Without investments, many of these technologies might not be ready for commercial scale when the need for LDES arises and the required market mechanisms are in place, which could delay the transition away from fossil sources.
Storage technologies are typically categorized by the way in which the energy is stored. These categories include electrochemical storage, such as batteries; mechanical storage, like pumped hydro storage or compressed air storage; thermal storage, like molten salt CSP; and chemical storage, for example, hydrogen.
Today, lithium-ion batteries account for over 90% of global installed energy storage capacity, focused primarily on short duration applications of about two to four hours.
Alternative storage technologies are at different technology readiness levels today, with the most mature technologies being CAES and PHS. Other battery chemistries such as sodium sulfur and lead acid have been around for a while before lithium-ion really took off.

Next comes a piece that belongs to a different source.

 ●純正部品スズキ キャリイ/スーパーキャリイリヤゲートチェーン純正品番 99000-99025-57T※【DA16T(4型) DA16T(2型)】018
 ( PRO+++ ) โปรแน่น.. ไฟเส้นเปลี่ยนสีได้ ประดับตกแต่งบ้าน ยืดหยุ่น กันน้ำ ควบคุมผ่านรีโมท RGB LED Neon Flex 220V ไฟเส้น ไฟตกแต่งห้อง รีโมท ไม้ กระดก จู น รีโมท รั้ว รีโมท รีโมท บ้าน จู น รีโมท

Flow batteries, using vanadium and iron variants, have reached a considerable level of maturity in their development.
Despite this progress, the scale of commercial projects implemented so far remains relatively small, typically in the tens of megawatts in most cases. Nevertheless, advantages of utilizing non-critical materials, easier recyclability and longer lifespan are increasingly important technological benefits, particularly in a world increasingly prioritizing energy security and independence.
A key challenge for many alternative storage technologies is the lack of manufacturing scale that lithium-ion leverages from the electric vehicle industry, that has enabled such dramatic cost reductions over the past decade.

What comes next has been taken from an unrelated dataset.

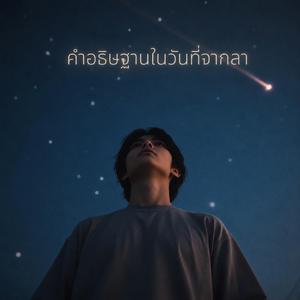 คำอธิษฐานในวันที่จากลา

Non-lithium technologies, such as CAES, liquid air energy storage, sodium ion, gravity storage, can leverage existing supply chains from adjacent industries the same way lithium-ion has, and are well placed to scale production. The components and equipment used for CAES, for example, have several decades worth of track record, using off the shelf turbomachinery from the power generation industry, meaning existing supply chains are already well established.

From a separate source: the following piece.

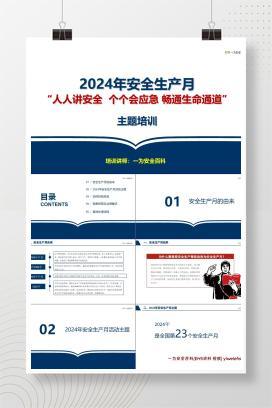 【PPT】2024安全月隐患排查知识培训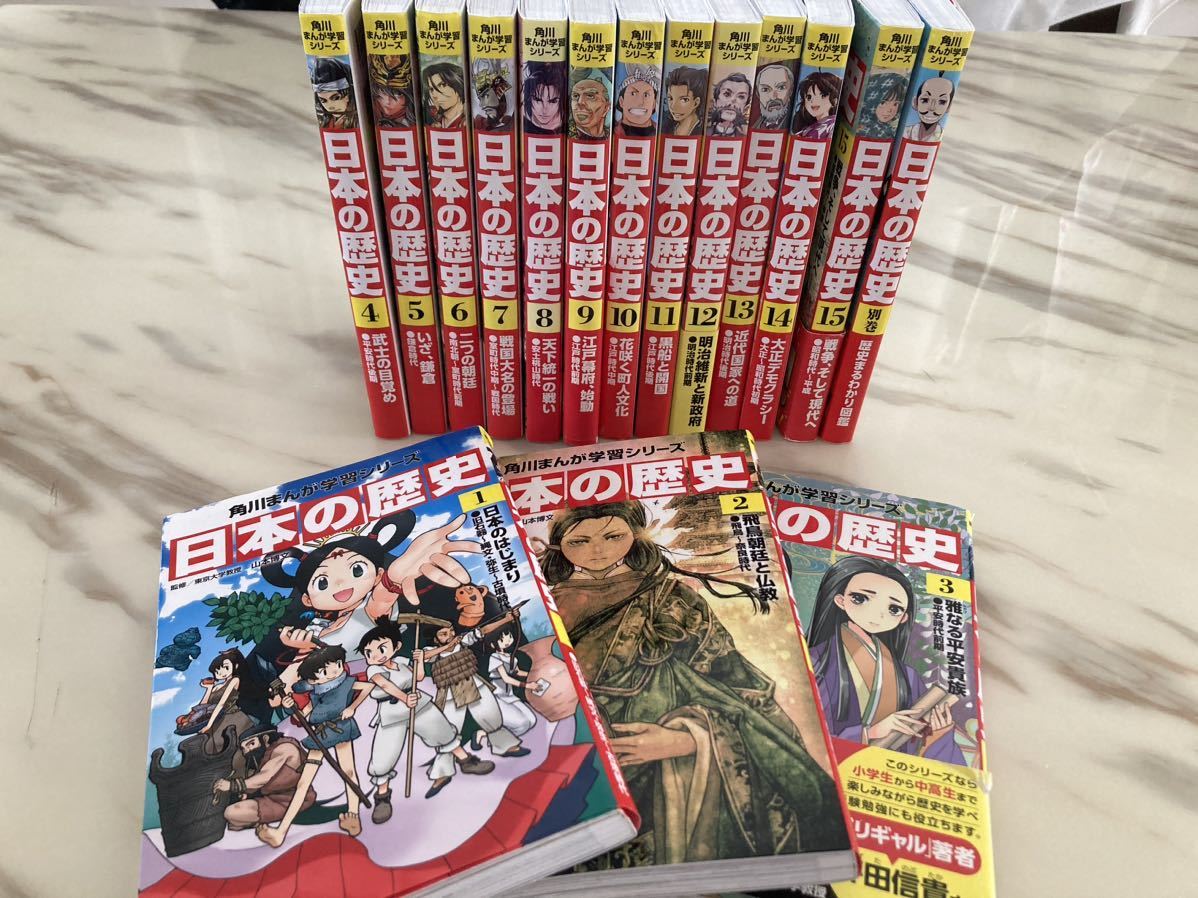 全16冊セット】角川学習漫画シリーズ 日本の歴史全巻セット 15巻+別巻1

Another notable development in this space is the growing number of sodium-ion manufacturing announcements. Sodium-ion technology benefits from well-established component supply chains and similar manufacturing processes to lithium-ion. Much lower raw material costs of sodium means sodium-ion batteries could at scale achieve a lower cost compared to lithium-ion at durations even beyond eight hours. However, proof of commercial projects and ramp-up of manufacturing production needs to develop further for this to happen.
The first 100-MWh sodium-ion project announcement in China in January is a sign of rapid movement in this direction.
Other technologies that only serve the energy storage industry may struggle to scale up manufacturing of more bespoke components cost effectively, especially if they are competing with lithium-ion in the multi-hour duration space.
Looking ahead, the fundamental need for long-duration solutions far beyond eight hours is inevitable if fossil flexibility is to be phased out and renewable shares account for the majority of power generation.
It is critical that flexibility requirements are determined in advance of this need actually arising. This will require dedicated flexibility assessments from a system level – and steps toward this direction is already noticeable in Europe's electricity market reform in 2023.
Inherent challenges also need to be overcome to create a long-term business case for long duration solutions, which will become increasingly important as renewable shares reach a tipping point, requiring multi-day storage solutions.
The persistent price competition leading to the reduction of lithium system costs poses a significant hurdle for alternative technologies aim to compete at durations up to 10 or 12 hours.
Further strategic partnerships and long duration procurements will continue to drive future pipelines of non-lithium solutions, with those able to scale most effectively and prove commercial projects at scale taking a greater market share.